Is your relationship with your significant other a spicy enchilada or a sweet lump of sugar? Maybe the answer is both. If the tides change with the moon, what’s to say that we don’t as well? What defines your relationship? Chances are it vacillates and that’s perfectly normal. It’s how you manage expectations, deal with changes, and respect each other that truly defines your relationship. Let’s explore…
Dating is not only a time to get to know each other and take part in wonderfully romantic gestures. It’s also a time when we manage expectations, or at least we should. If you expect that your partner is going to spend every weekend going out to events, dinners, movies, etc. and you’re both on the same page with this, then your lifestyle is defined. But, if one person believes that the weekend is for lounging at home and the other wants to hit the clubs, then disagreements can arise. The good news is that this is why we take time to date. Psst… it’s also why you need more than just sexual chemistry. That’s fun, but if that’s all you have in common, your relationship won’t stand the test of time.
Deal with Changes
There’s a great quote from Paolo Coelho that says: “A relationship where you can be weird together is your best choice.” To me, this means that you feel comfortable to be yourself — weirdness and all. More importantly, this comfortability means you can weather storms and deal with changes. Change in life is inevitable. Some people handle it better than others. Even more complicated is the fact that we don’t all experience changes at the same time. This means we need to support each other and be patient when one person is experiencing a life changing moment.
Respect Each Other
Relationships aren’t just candlelit dinners for two and rose petals scattered on the duvet cover. They also include disagreements. What relationships should not include are uncertainty, fear, insults, and basically, not fighting fairly. Every relationship includes arguments, but how you get through the argument defines your relationship. Arguments can be useful because they reveal aspects of our personality that allows us to be vulnerable and share.

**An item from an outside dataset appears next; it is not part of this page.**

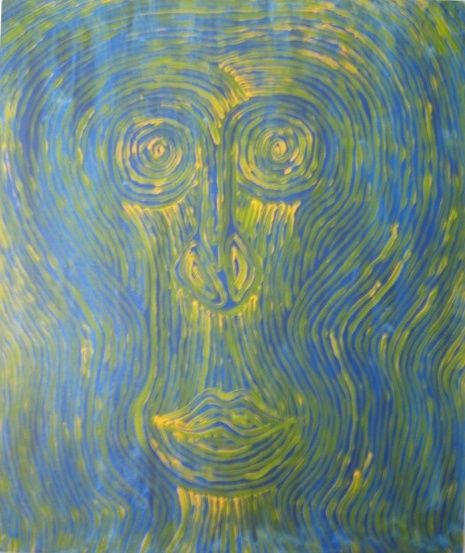 Pintura titulada "Cara sobre azul" por Sergio Augusto Garcia-Perez, Obra de arte original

Perhaps the next time you find yourself in the midst of an argument, take a step back and try to examine what is at the root of the disagreement. Often times, couples don’t see that one person may be feeling inadequate, wishing they could provide something that is just out of reach. The response might be to act defensively or angrily. But when you examine the reason behind undesirable behavior, you may be better equipped to solve the problem, suggest better communication, and move forward happily.
What Defines Your Relationship?
By trying to see each side of the argument, you might find that you avoid the argument. As a writer, I think having an active imagination is an asset to a relationship. When in the midst of an argument, it’s helpful to pretend that you’re hearing the words from an outsider’s perspective. Rather than react, listen. Listen with new ears as if you’re hearing your partner’s words being told to you by a friend. Give that friend advice. And remember, you were probably friends before you were lovers. The balance between those two roles makes for a strong relationship.